Imagion Biosystems presents interim data from MagSense study into breast cancer detection
Cancer detection technology developer Imagion Biosystems (ASX: IBX) has reported a maiden set of results relating to exploratory endpoints for its phase 1 MagSense HER2 breast cancer study.
The interim data pertains to a cohort of the first six patients participating in the trial.
Interim results were presented at the San Antonio Breast Cancer Symposium in the US, which is attended by scientists and clinicians focused on breast cancer research and patient care.
The data to-date suggests the molecular signature of Imagion’s MagSense imaging agent could help discriminate potentially cancerous nodes from normal nodes when used with conventional MRI (magnetic resonance imaging).

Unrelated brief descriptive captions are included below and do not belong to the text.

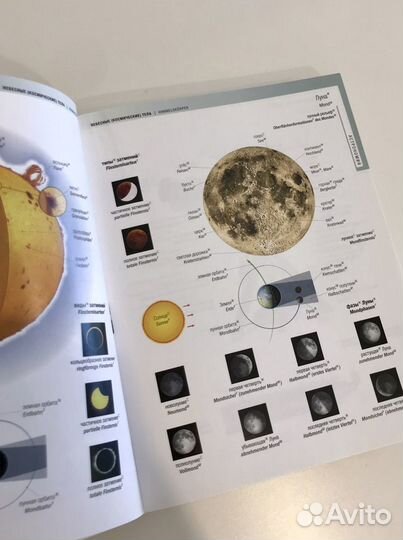 Визуальный словарь русско-немецкий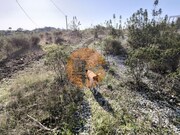 Terreno R�stico - Azinhal, Castro Marim, Faro (Algarve) - Miniatura: 7/9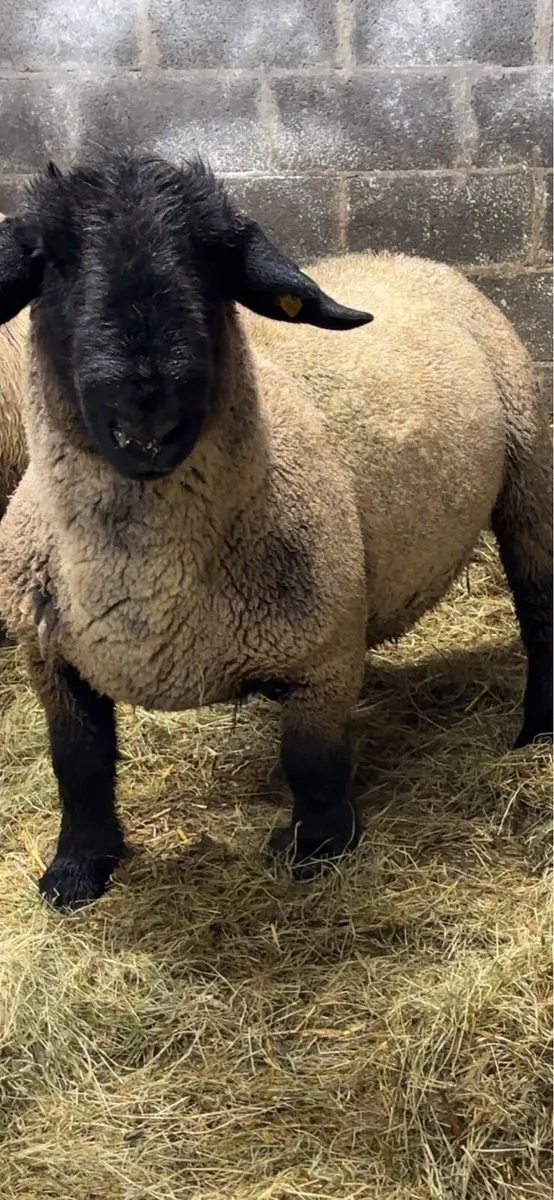 PPR Suffolk ram - Image 3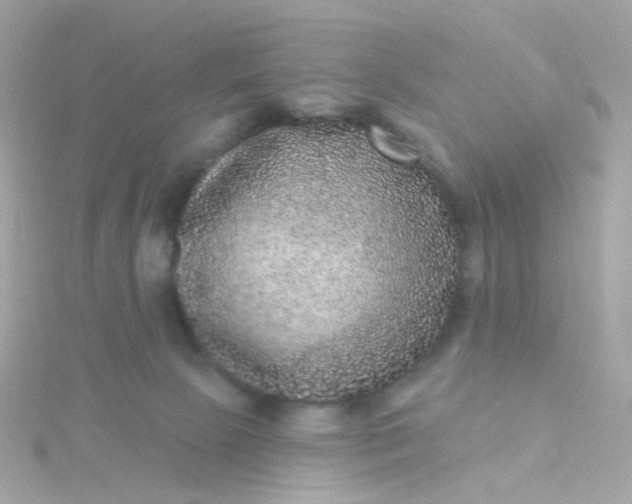 X0000115670081200911251739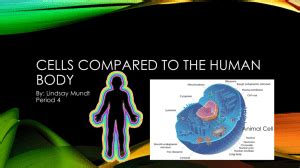 Check spelling or type a new query. Cell Structure & Function Quiz
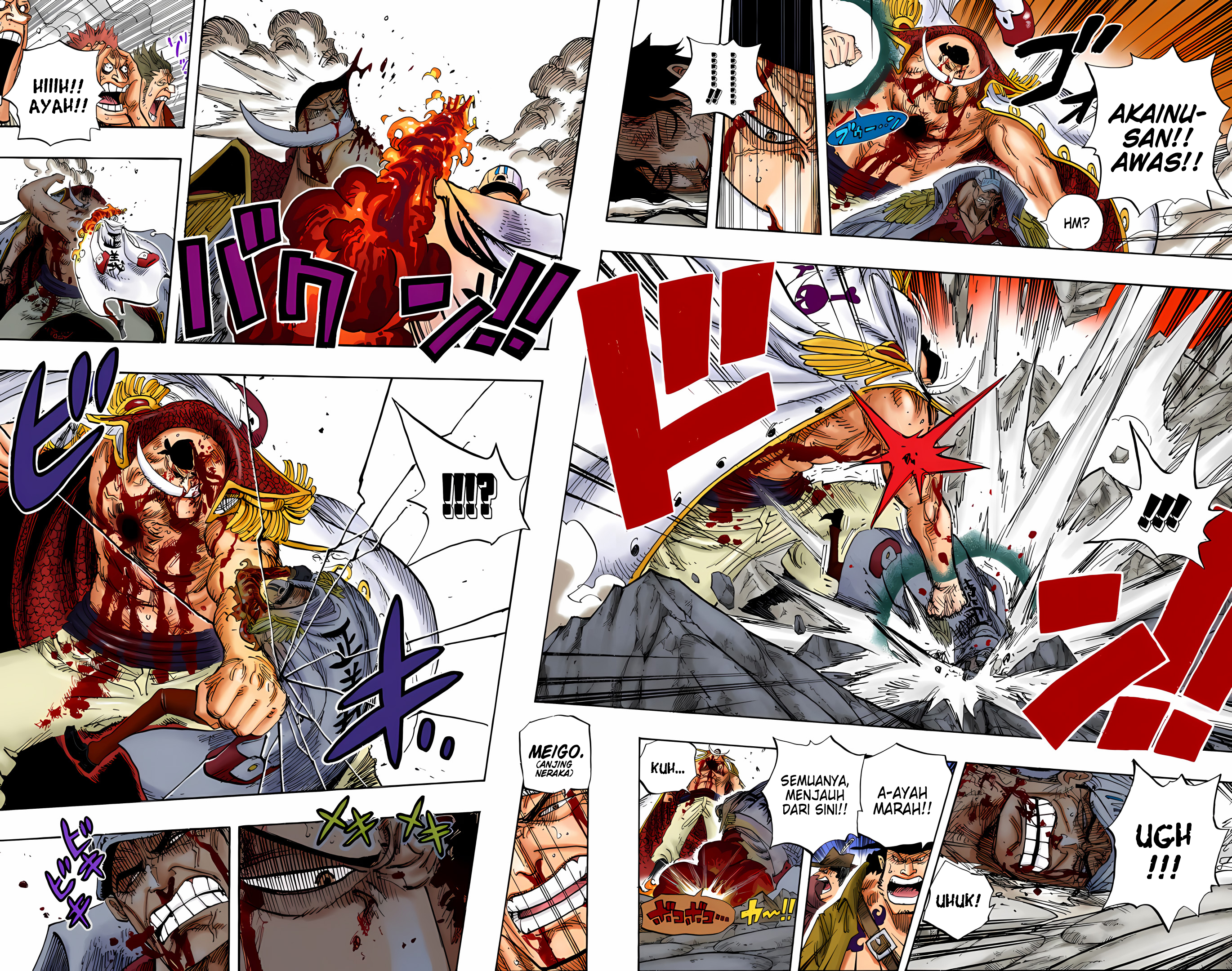 One Piece (Official Colored) Chapter 575 - halaman 5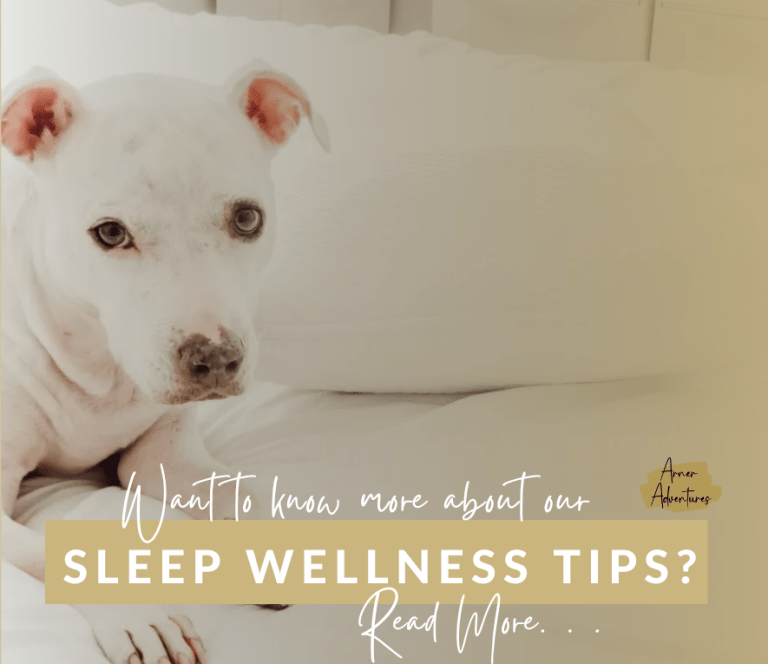 Top 12 Best Sleep Albums to Help You Get to Sleep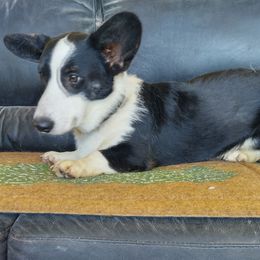 Boy 1 - Black and white Cardigan Welsh Corgi puppy in Huntington Beach, California from Victory Crown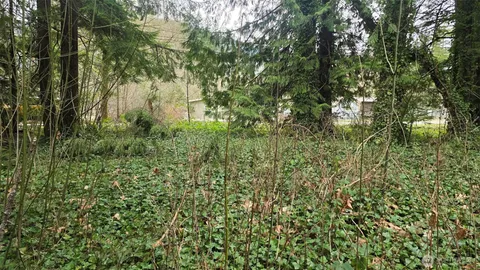 $99,000 | 7884 Santa Fe Trail, Maple Falls, WA 98266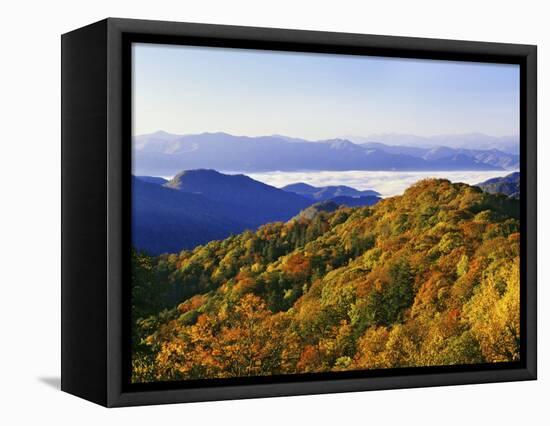 Forest in Autumn Color from Shot Beech Ridge, Great Smoky Mountains National Park, North Carolina-Dennis Flaherty-Framed Premier Image Canvas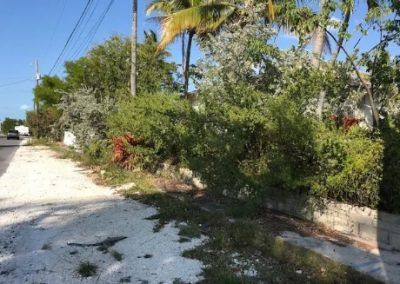 A dirt road surrounded by trees and bushes on a sunny day.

When combined with standard morphological assessments, the imaging agent has the potential to improve radiological evaluation and standard of care clinical assessments.
Important findings from the results included changes in MR (magnetic resonance) contrast created when MagSense binds to tumour cells in the nodes, which could aid in determining nodal status.
There were no reported safety, toxicity or adverse events from the study.
Advancing MagSense
Imagion chief executive officer Bob Proulx said the findings held potential for advancing MagSense.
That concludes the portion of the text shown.